» Work task
Would you output the lines from the one containing "Masia sense identificar" through the final line of the entries, exactly and with pictures omitted?

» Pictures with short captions
- Opening Delimiter -

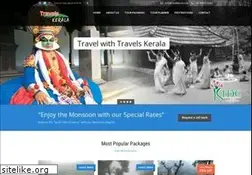 Sites similar to travelskerala.com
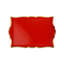 Florentine Solid Wood Decorative Tray-64857809-64857808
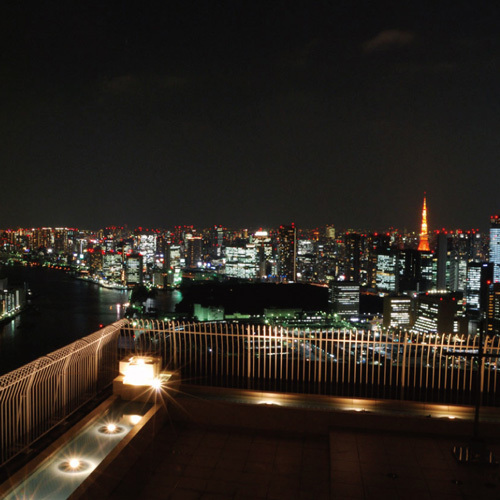 地上221ｍの屋上に「天空のビアテラス」登場 - 東京スカイツリー、東京タワーも望める最上階｜写真8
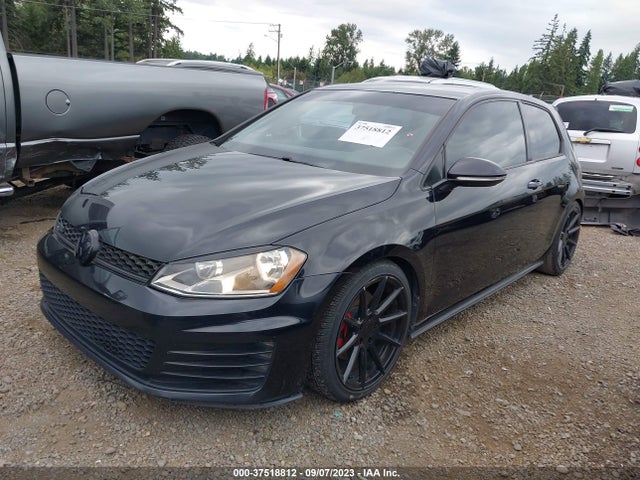 3VWYT7AU9GM055703 Volkswagen GOLF GTI S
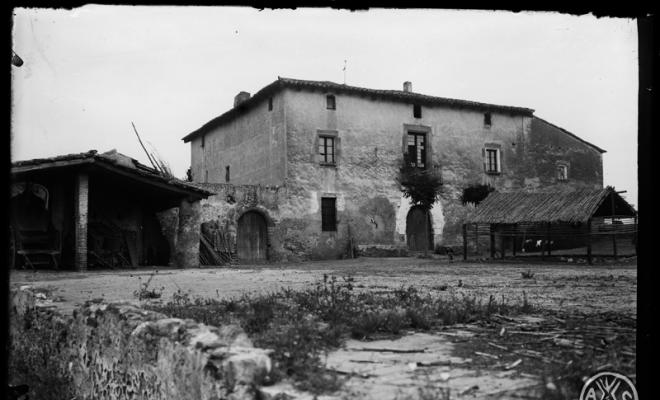 Masia sense identificar
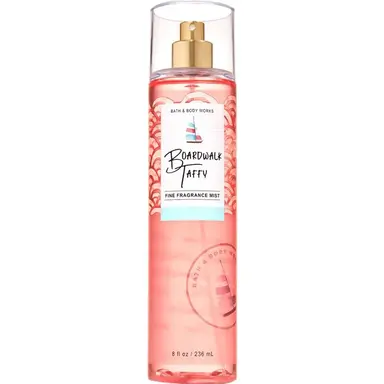 Boardwalk Taffy by Bath & Body Works bottle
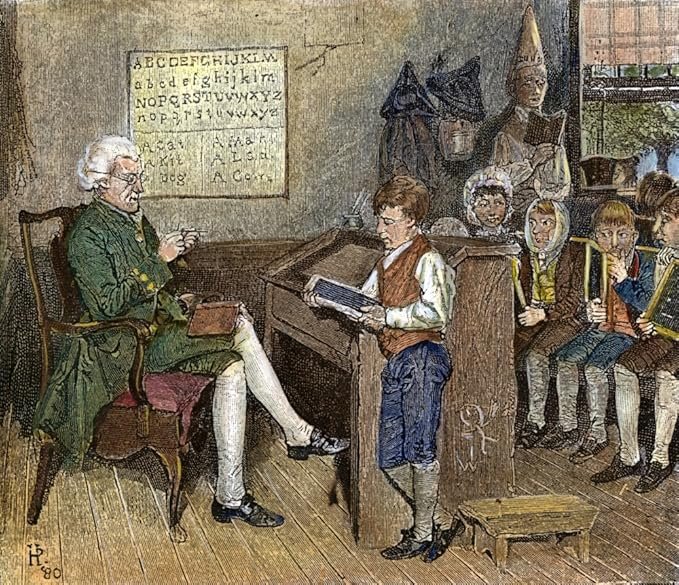 The Old Deluder Satan Act: Why You Shouldn’t Squander Your Literacy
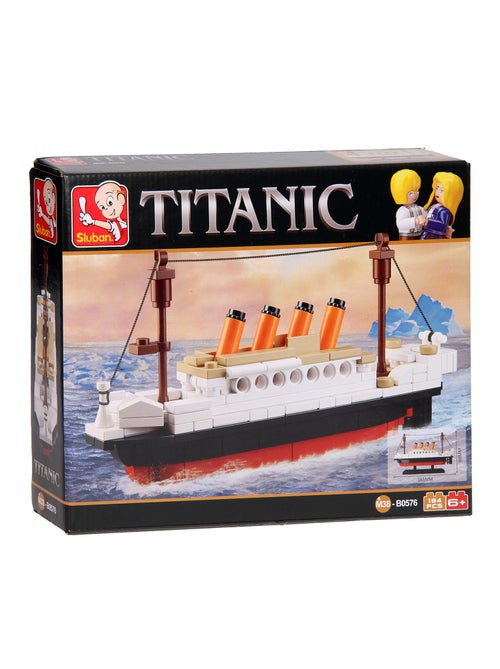 Model Bricks - Titanic S - Kiabi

- Closing Delimiter -

» Task output
 Masia sense identificar
 Boardwalk Taffy by Bath & Body Works bottle
 The Old Deluder Satan Act: Why You Shouldn’t Squander Your Literacy
 Model Bricks - Titanic S - Kiabi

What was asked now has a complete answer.